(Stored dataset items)

☆ ☆ ☆ ☆

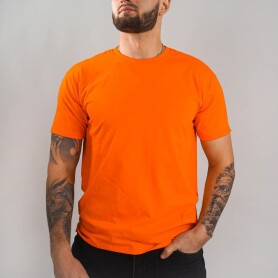 T-shirt working "Fruit of the loom" orange 165 g / m2 (220037) T-shirt working "Fruit of the loom" orange 165 g / m2 (220037) фото 3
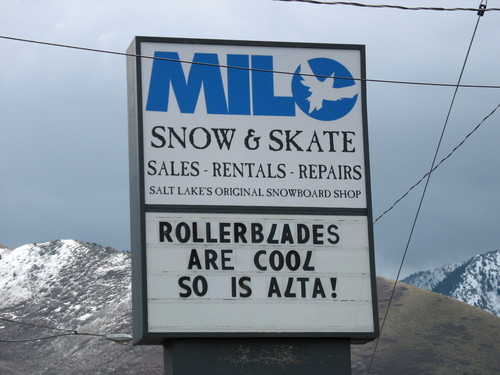 Salt Lake City original snowboard and skateboard shop. Since 1984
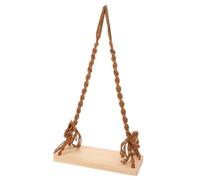 VANZACK Newborn Wooden Swing Prop For Photo Shoot Swing Chair Seat with Smooth Skin-Friendly Finish Craftsmanship Natural Warmth For Studio Photography
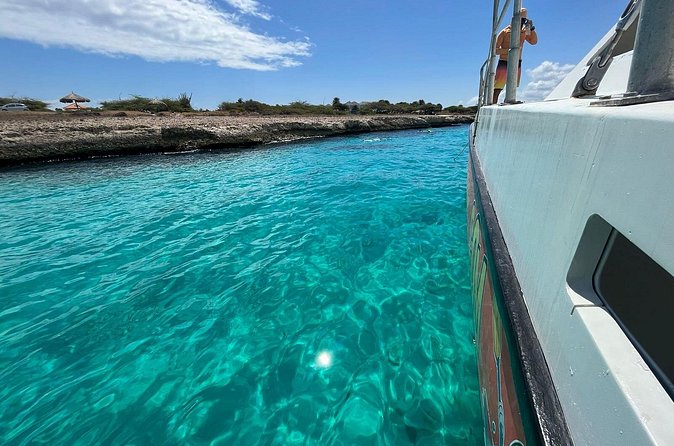 Banana Adventure Catamaran Shipwreck Snorkel and Turtle Swim - Antilla Shipwreck: WWII History That’s Now an Aquarium
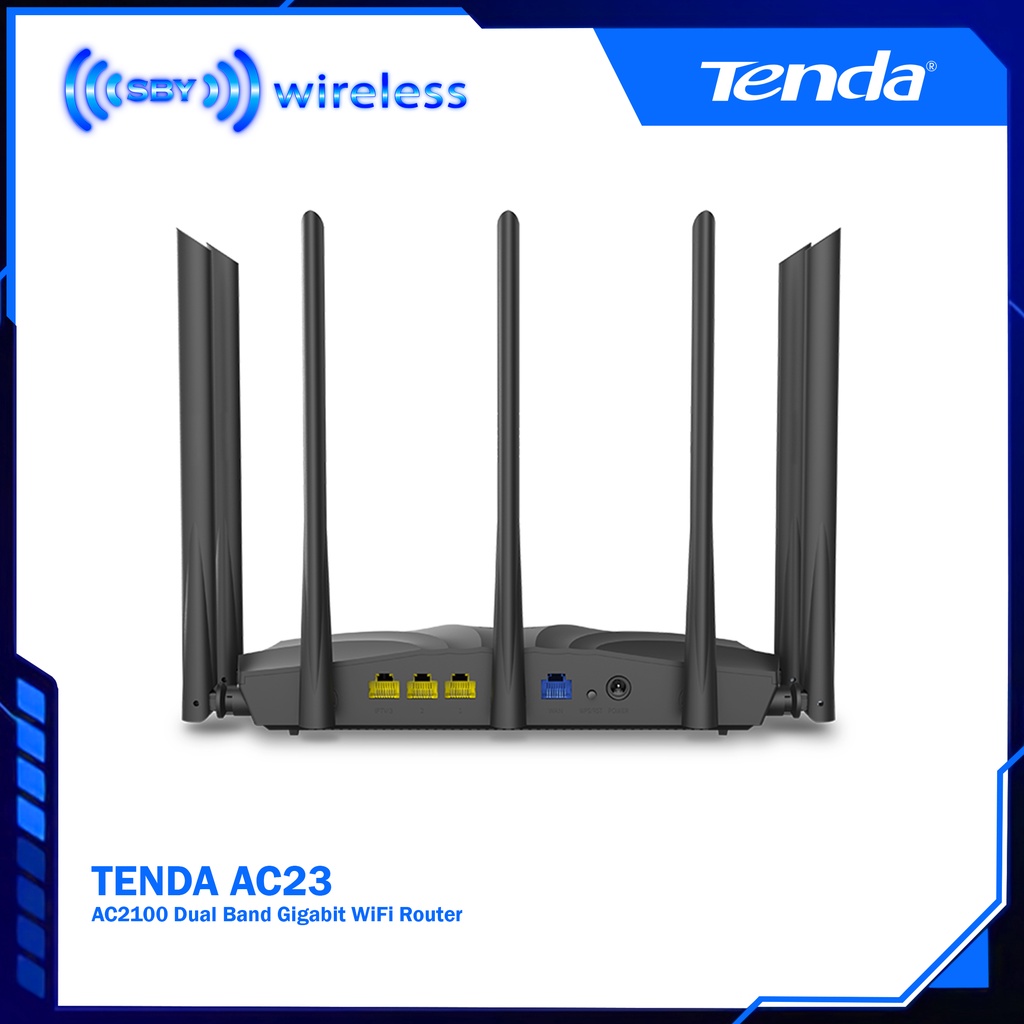 Tenda AC23 AC2100 Dual Band Gigabit WiFi Router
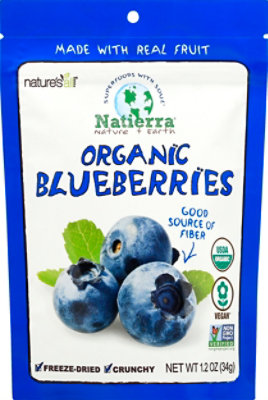 Natures All Foods Blueberry Organic - 1.2 Oz - Image 2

☆ ☆ ☆ ☆

● Assignment:
Your answer must be the lines from the one containing "VANZACK Newborn Wooden" through the last line of the records, both included, written out exactly and without pictures.

● Completed exercise:
 VANZACK Newborn Wooden Swing Prop For Photo Shoot Swing Chair Seat with Smooth Skin-Friendly Finish Craftsmanship Natural Warmth For Studio Photography
 Banana Adventure Catamaran Shipwreck Snorkel and Turtle Swim - Antilla Shipwreck: WWII History That’s Now an Aquarium
 Tenda AC23 AC2100 Dual Band Gigabit WiFi Router
 Natures All Foods Blueberry Organic - 1.2 Oz - Image 2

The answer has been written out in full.